Wednesday, March 9, 2011

Why read the book when you could play the video game?



Leave it to the internet to combine two of my favorite things: F. Scott Fitzgerald and video games.   That's right, it's The Great Gatsby for NES.  Who's excited?  I know I was.  In fact, I was so excited that I sat and dragged my poor little Nick Carraway through an untold number of "Game Over, Old Sport!"s in front of anyone who cared to see on the first floor of Miller.

I realized two things as I sat there, engrossed in my 8-bit adventure.  The first: I'm not all that great at video games.  Which is all right in any other setting, but I just wanted to find Gatsby in the garden!  Owl Eyes told me he would be there! 

The second: I gained such an odd sense of self-satisfaction, sitting there playing some silly NES game in front of my fellow library patrons.  At a table behind me, one guy was paging through an 8-book stack of history journals.  To my left, a girl was scanning hopelessly through her O-chem text.  And I'm sure somewhere else on the 1st floor, someone was writing a blog for this class with true academic and literary relevance.  But there I was, dodging waiters with martinis without a care in the world.

Maybe it's a little twisted, maybe it's not 100% accurate, but maybe that's what it feels like to be idle rich.  Not only did I have the luxury of a free evening amidst all the laborers and midterm-takers, but I was showing it.  I had it blatantly on my screen that I was done for the night, that I had time to waste and by God, I was going to waste it.  Looking back, I realize that I was actually pretty proud of it, pretty excited to show off my academic security.  All I wished for in the world at that point was to have a cut lawn, an uncut book, and a glass of scotch.  I guess that's part of being part of the idle rich-- with such a lack of real accomplishment, it must be brutally tempting to show off the only thing they do have: their lack.  What good is doing nothing if you don't have anyone to do nothing in front of?

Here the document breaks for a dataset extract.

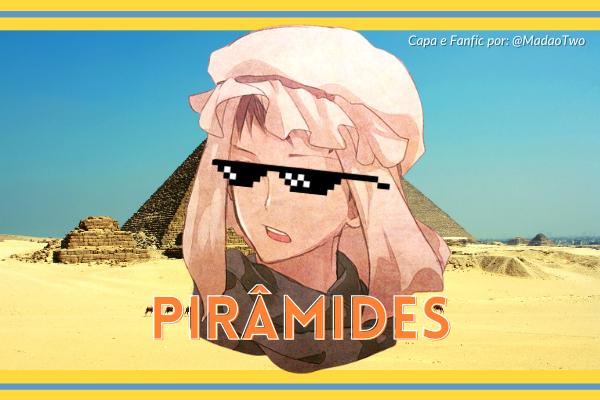 Fanfic / Fanfiction Pirâmides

(A side note to the fine patrons of Miller 1st floor: please accept my humblest apologies.  In all honesty, I had two lesson plans to type, half a book to read, a Moodle response due, and a paper to annotate.  Rest assured knowing that my show of academic security and confidence was nothing more than that: a show.  I'm just as doomed for that upcoming midterm as you, friend.  Or as they say, "Game Over, Old Sport!".)